--- THE DATA ---
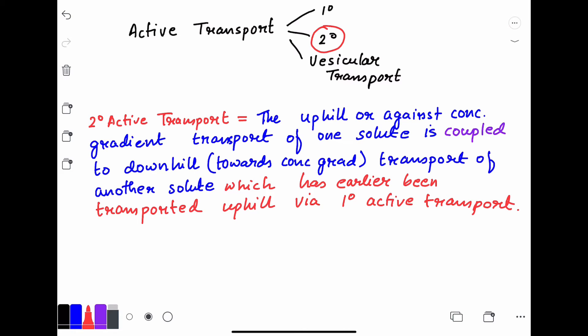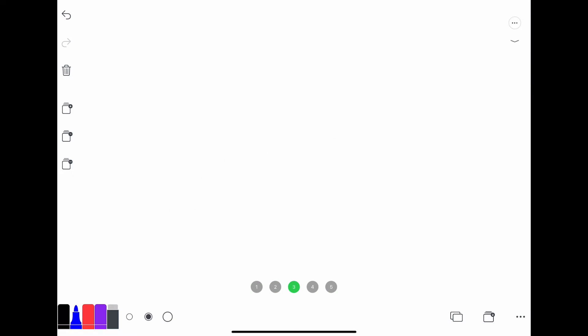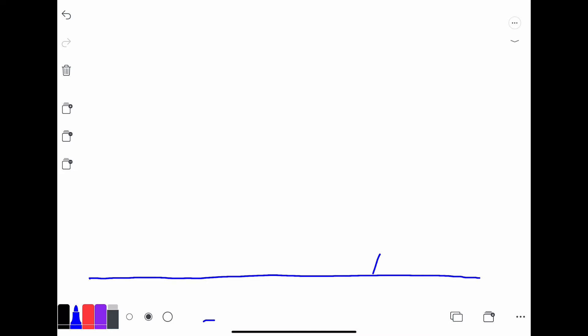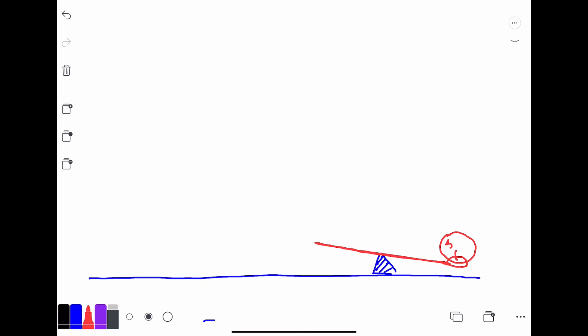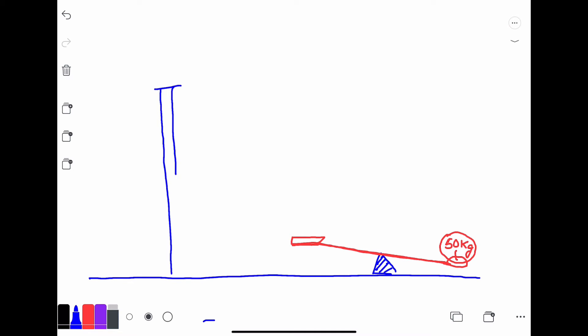Now I'm going to explain the concept with an analogy. Suppose this is the ground and there is a seesaw. On the right-hand side of the seesaw there is a 50 kg weight, and the left-hand side is empty. Because the weight is heavier, the right side goes down due to gravity. Over the support there is a motorized pulley designed to pull weights upwards or drop them downwards.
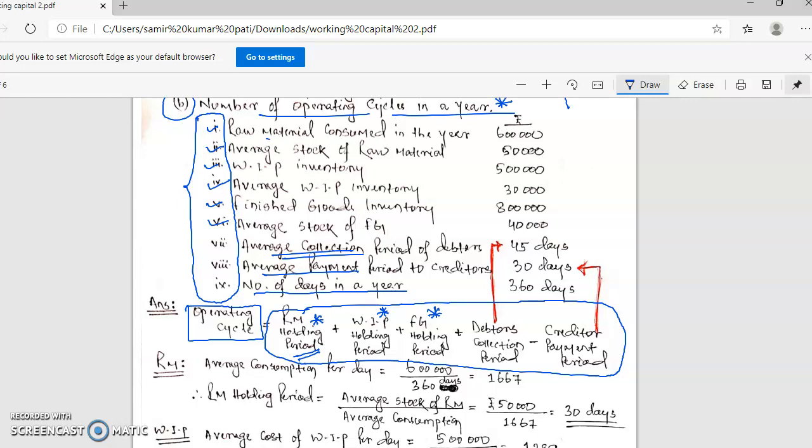So we have: raw material holding period, WIP holding period, finished goods holding period, and debtor collection period. Let's get a brief understanding of the question. First, what is written? Look — raw material consumed in the year. In the year, you have to consume 6,00,000 worth of raw material consumed.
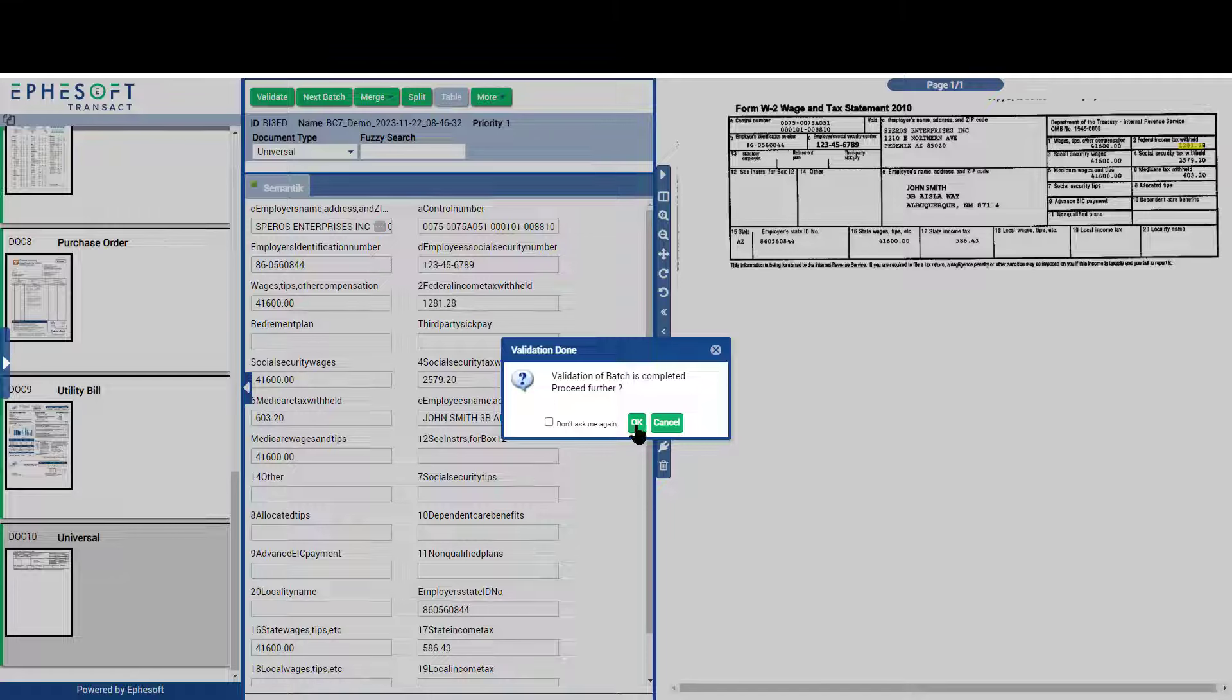When all the documents have been validated, Transact sends the extracted data and documents to the backend system.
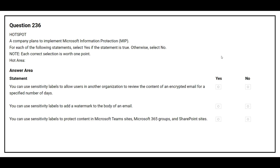Question number 236. A company plans to implement Microsoft Information Protection, MIP. For each of the following statements, select yes if the statement is true, otherwise select no. The first statement is: You can use sensitivity labels to allow users in another organization to review the content of an encrypted email for a specified number of days. The correct answer is yes.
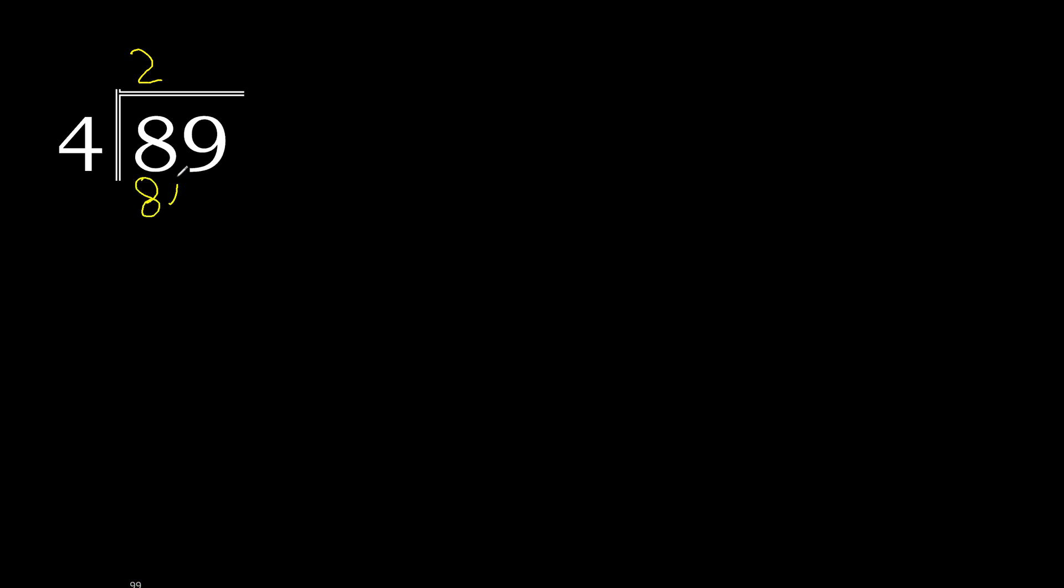OK, 8 is not greater. 8 minus 8 is 0. Next, eliminate 0 on this side.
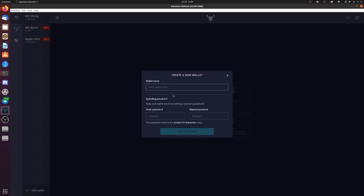We're going to create a new Shelley wallet — I'll call mine 'Big Pays Yoroi Wallet'; you can call yours whatever you like. Create a strong password and click Create Wallet. It will show you a new recovery key — write this down on paper and store it somewhere important. This is real ADA, not a testnet. Even if someone doesn't know your password, they can still recover your ADA with this key, so be very careful. Write it down, maybe in two places, and I'll be back after doing the same.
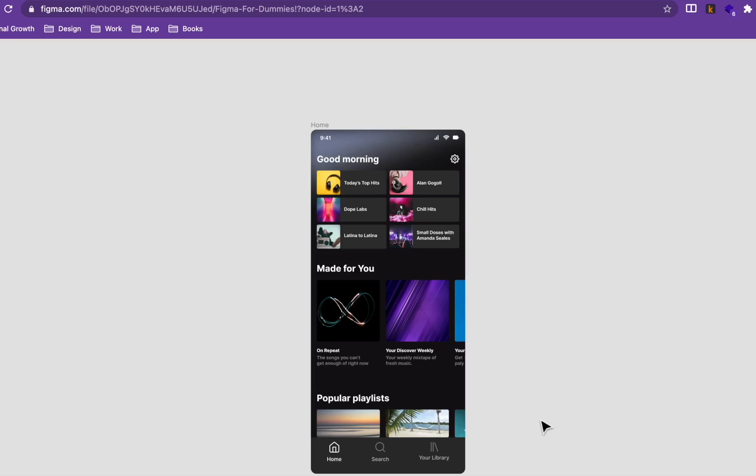In this video we want to design the home screen of the Spotify mobile application. We use Figma components to unlock the power to design user interfaces super fast and quickly. Without wasting our time, let's jump in and get started.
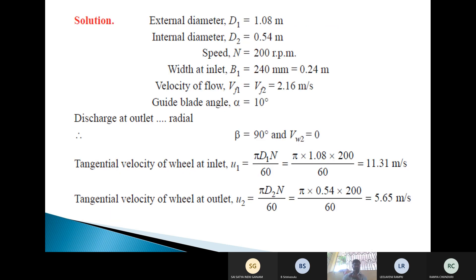Given data: D1 = 1.08 m, D2 = 0.54 m, N = 200 rpm, B1 = 240 mm = 0.24 m, Vf1 = Vf2 = 2.16 m/s, guide blade angle alpha = 10 degrees. Since discharge at outlet is radial, beta = 90 degrees and Vw2 = 0. Tangential velocity at inlet: U1 = π·D1·N/60, substituting values gives U1 = 11.31 m/s. Tangential velocity at outlet: U2 = π·D2·N/60 = 5.65 m/s.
---
Verbatim copy with pictures excluded: write out the records above in full.

TASK SOLUTION:
Now I'm going to explain the concept with an analogy. Suppose this is the ground and there is a seesaw. On the right-hand side of the seesaw there is a 50 kg weight, and the left-hand side is empty. Because the weight is heavier, the right side goes down due to gravity. Over the support there is a motorized pulley designed to pull weights upwards or drop them downwards.
So we have: raw material holding period, WIP holding period, finished goods holding period, and debtor collection period. Let's get a brief understanding of the question. First, what is written? Look — raw material consumed in the year. In the year, you have to consume 6,00,000 worth of raw material consumed.
When all the documents have been validated, Transact sends the extracted data and documents to the backend system.
Question number 236. A company plans to implement Microsoft Information Protection, MIP. For each of the following statements, select yes if the statement is true, otherwise select no. The first statement is: You can use sensitivity labels to allow users in another organization to review the content of an encrypted email for a specified number of days. The correct answer is yes.
OK, 8 is not greater. 8 minus 8 is 0. Next, eliminate 0 on this side.
We're going to create a new Shelley wallet — I'll call mine 'Big Pays Yoroi Wallet'; you can call yours whatever you like. Create a strong password and click Create Wallet. It will show you a new recovery key — write this down on paper and store it somewhere important. This is real ADA, not a testnet. Even if someone doesn't know your password, they can still recover your ADA with this key, so be very careful. Write it down, maybe in two places, and I'll be back after doing the same.
In this video we want to design the home screen of the Spotify mobile application. We use Figma components to unlock the power to design user interfaces super fast and quickly. Without wasting our time, let's jump in and get started.
Given data: D1 = 1.08 m, D2 = 0.54 m, N = 200 rpm, B1 = 240 mm = 0.24 m, Vf1 = Vf2 = 2.16 m/s, guide blade angle alpha = 10 degrees. Since discharge at outlet is radial, beta = 90 degrees and Vw2 = 0. Tangential velocity at inlet: U1 = π·D1·N/60, substituting values gives U1 = 11.31 m/s. Tangential velocity at outlet: U2 = π·D2·N/60 = 5.65 m/s.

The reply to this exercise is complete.